Activity>
Extract, word for word, each line from the line holding "Next option is" through the end of the records. Omit every picture.

[Data for this task Boundary: Start]

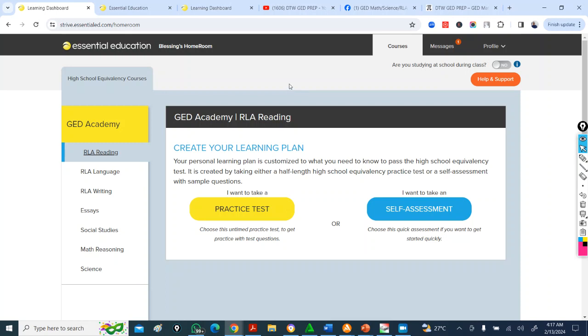So now what this platform does is you have several educators, tutors like us, we become a reseller here, reselling this particular platform to students.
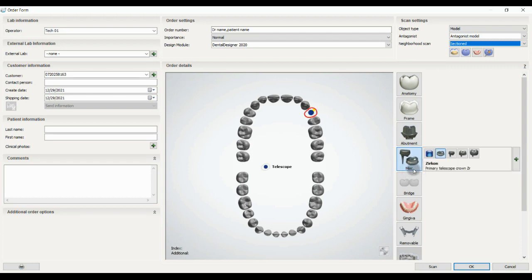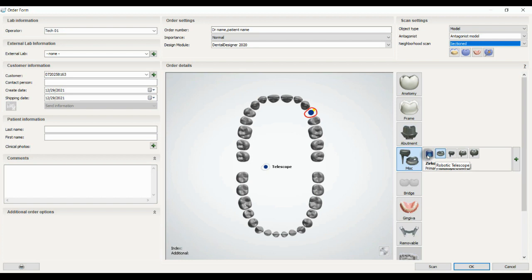Next option is misc, where you can design telescopic and post-anchor for your doctor. The first option is telescopic, robotic telescopic, post-anchors, and different types of post and core, for example anatomical one or the full contour one.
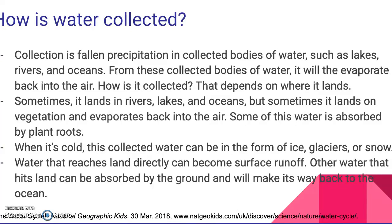When it's cold, this collected water can be in the form of ice, glaciers, or snow. Water that reaches land directly can become surface runoff — that is where it hits a surface above an area of water and runs off into a collected body of water. Other water that hits land can be absorbed by the ground and will make its way back to the ocean eventually.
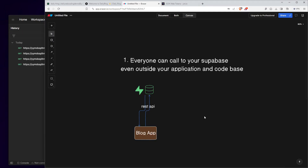The first thing you need to know is that everyone can call to your Supabase, even outside your application and your codebase.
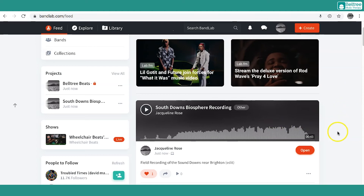You can see here the mix of the biosphere recording shared to the online community at BAMLAB — one person's liked it already. Don't forget to listen to the full video and recording I've shared with you. Thanks very much.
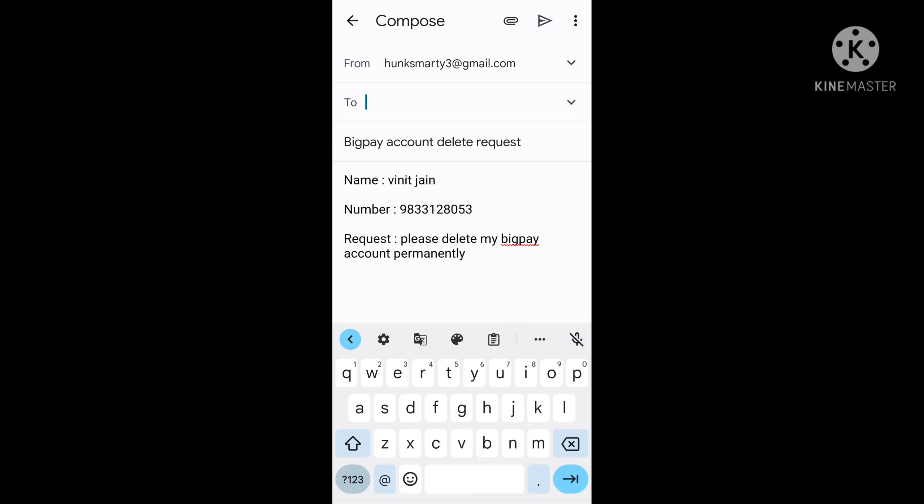If you did any mistake, your request will not be accepted and your BigPay account will not be deleted. So after checking the whole email, you have to send the email to BigPay.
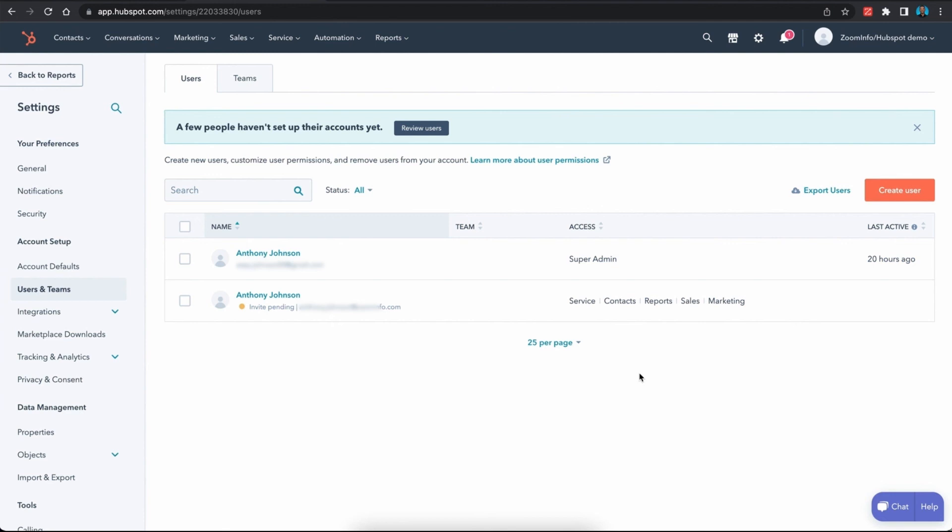Once those changes have been made, you want to reach out to the user, have them log out of ZoomInfo and log back in, and attempt to do that same job again where they have a search in front of them and they attempt to either include or exclude records from those results.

[Data for this task Boundary: End]

Completed task>
Next option is misc, where you can design telescopic and post-anchor for your doctor. The first option is telescopic, robotic telescopic, post-anchors, and different types of post and core, for example anatomical one or the full contour one.
When it's cold, this collected water can be in the form of ice, glaciers, or snow. Water that reaches land directly can become surface runoff — that is where it hits a surface above an area of water and runs off into a collected body of water. Other water that hits land can be absorbed by the ground and will make its way back to the ocean eventually.
The first thing you need to know is that everyone can call to your Supabase, even outside your application and your codebase.
You can see here the mix of the biosphere recording shared to the online community at BAMLAB — one person's liked it already. Don't forget to listen to the full video and recording I've shared with you. Thanks very much.
If you did any mistake, your request will not be accepted and your BigPay account will not be deleted. So after checking the whole email, you have to send the email to BigPay.
Once those changes have been made, you want to reach out to the user, have them log out of ZoomInfo and log back in, and attempt to do that same job again where they have a search in front of them and they attempt to either include or exclude records from those results.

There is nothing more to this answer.